Die Koalition will bei uns die Kinderbetreuung mit 460 Millionen Euro fördern. Zusätzlich wird das Elterngeld eingeführt. Reicht das?

Im Ansatz sind diese Maßnahmen richtig, sie kommen aber zu spät und gehen nicht weit genug. Das Elterngeld ist richtig, weil sich die Frauen bisher in die ökonomische Abhängigkeit des Mannes begeben mussten, wenn sie eine Zeit lang zu Hause bleiben wollten. Auch die steuerliche Absetzbarkeit der Betreuungskosten ist gut, sie ist allerdings nur ein Einstieg. Die Länder und Kommunen sind jetzt bei der Kinderbetreuung gefordert. Vor allem in den vorschulischen Bereich müsste in Deutschland mehr investiert werden. Wir geben dafür 0,4 Prozent des Bruttosozialprodukts aus, die OECD rechnet als Durchschnitt in Europa etwa ein Prozent.

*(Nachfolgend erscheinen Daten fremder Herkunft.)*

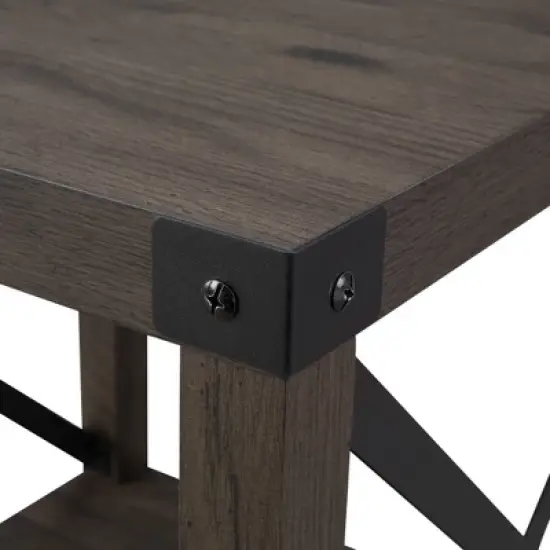 Sophie Rustic Industrial X Frame Side Table - Saracina Home image {3}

Was für eine Rolle spielen die Männer?

Die geringe Geburtenrate ist kein Frauenproblem. Die Männer werden nicht nur für die Zeugung gebraucht, sondern auch als Väter. Kernproblem ist, dass wir uns nur auf die Frauen konzentrieren. Auch hier hinken wir im Vergleich zu anderen Ländern hinterher, weil wir immer noch davon ausgehen, dass die Männerrolle die Ernährerrolle ist. Wir brauchen ein anderes Männerbild, in dem Fürsorglichkeit auch Teil des männlichen Lebensentwurfs ist. Da müssen aber auch die Firmenchefs mitspielen. Deshalb bin ich dafür, dass beim Elterngeld die zwei Monate Väterzeit auf jeden Fall kommen.

Das Gespräch führte Flora Wisdorff.

Hans Bertram ist Professor für Mikrosoziologie an der Berliner Humboldt-Universität. Als Vorsitzender einer Expertenkommission des Bundestages erstellte er 2005 den 7. Familienbericht.